According to the U.S. Department of the Census Report, Voting and Registration in the Election of November 2004, the key to voter turnout is voter registration. Once people are registered, they are on the public registered voter lists and can be contacted by campaigns, political parties, and non-partisan GOTV efforts. Our efforts can make a difference—and there is still time for action, with most state voter registration deadlines coming in early to mid-October. See VoteSmart for information on your state’s deadline.

Resources for Congregational Voter Work

The UUA has resources to assist congregational voter registration, mobilization, and education efforts.

See our Faithful Democracy: UUs and the 2008 Elections page for more resources.

Funds for Congregational Voter Work

The UU Funding Panel has Voter Registration/ Get Out the Vote (GOTV) grants (PDF)—$500 to $1500 grants for congregations now through October 15, 2008.

Partners for Congregational Voter Work

In 2004, hundreds of UU congregations registered over 80,000 new voters. Our efforts were most successful when we did this in partnership with community voter registration projects.

One of our partners, ACORN’s Project Vote, registered over 1.15 million new voters in 2004. This year their goal is to register 1.2 million voters in under-represented communities—African American, Latino, and low-income neighborhoods. Additionally, they plan to reach 2.8 million new and infrequent voters in GOTV campaigns. Project Vote is working in 26 states (PDF), including Colorado, Ohio, and Pennsylvania. For a listing of states and contact information, see their website.

In New Hampshire, there is a UU Action Network. Ten other states also have Unitarian Universalist action networks: California, Florida, Massachusetts, Maryland, Michigan, Minnesota, New York, Pennsylvania, jdglasheen [at] cox [dot] net">Rhode Island, and Washington. Additionally, Virginia offers two opportunities for action, through the Virginia Organizing Project and the Virginia Student PIRG.

Other organizations are also heavily engaged in voter registration and GOTV efforts. You may connect with them on the state level. Explore opportunities with Rock the Vote, the NAACP (National Association for the Advancement of Colored People), and the League of Women Voters are also active in many states.

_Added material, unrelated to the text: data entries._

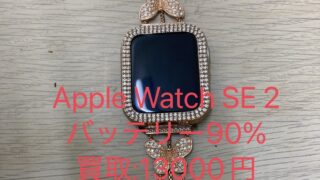 Apple Watch SE 第2世代 44mm GPSモデルを13,000円で買取｜バッテリー90％・美品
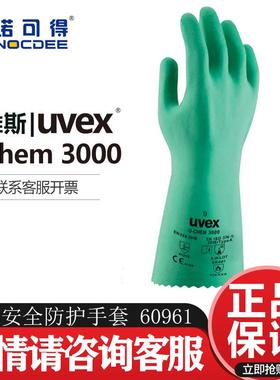 NBR涂层防酸碱棉内衬防化手套 机械化工汽车行业 60961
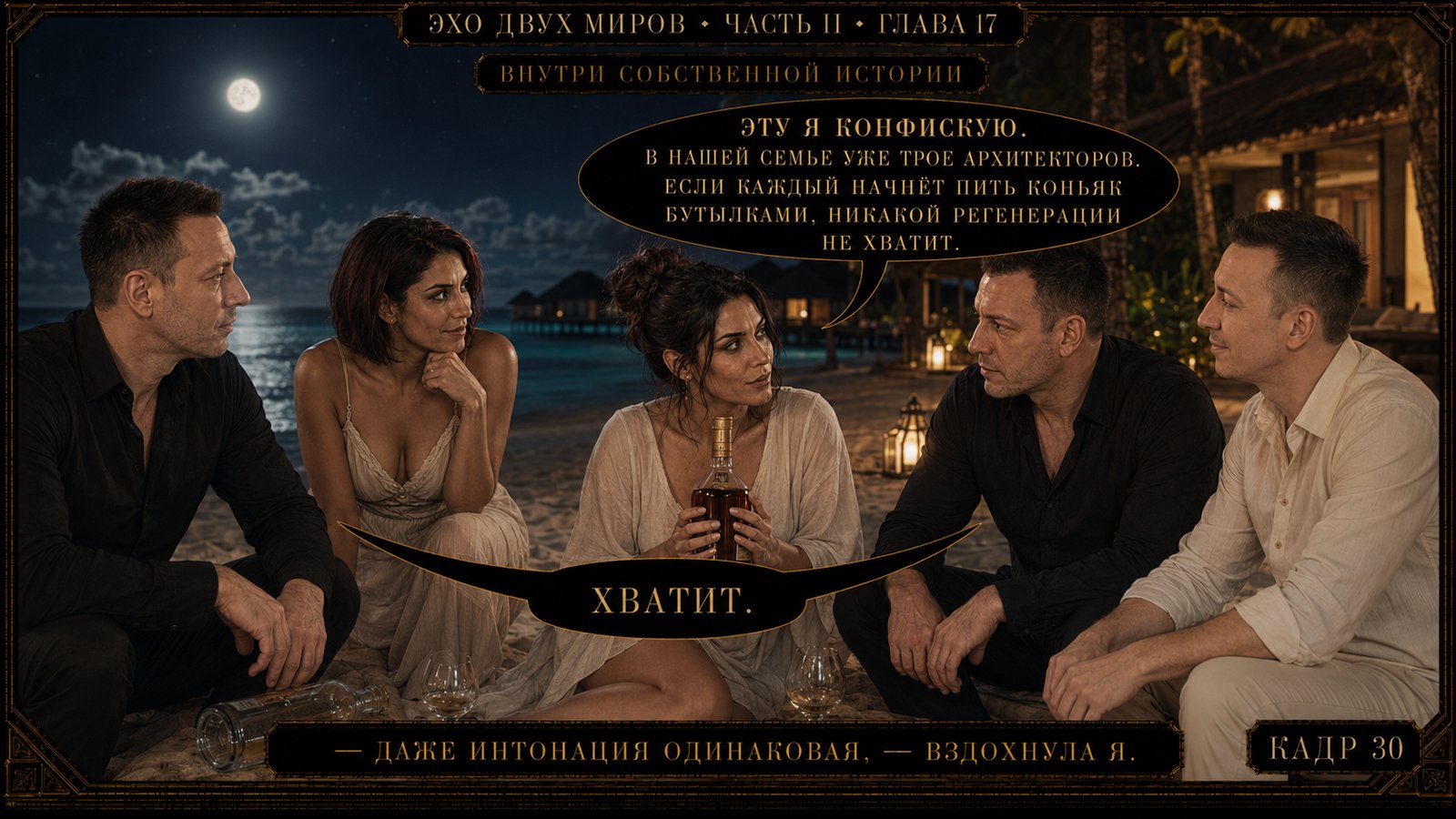 Автор указал сигарой на нас, открытый портал, пустые бутылки и аномальную запись Архива.
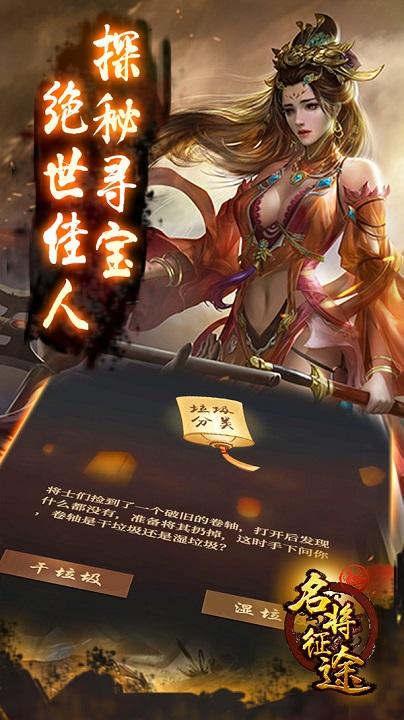 名将征途官方版下载,名将征途,策略手游,三国手游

Visibility Matters: Wear your Unitarian Universalist(s) Standing on the Side of Love or local congregation T-Shirts while registering people to make sure they understand that your commitment to getting out the vote and supporting faithful democracy. If you have one, bring your congregational banners along for such action as well, to add visibility and offer newcomers to our faith a sense of what our commitments are.

Remember: Registering people to vote lets people know that they matter to us. This is an act of faith.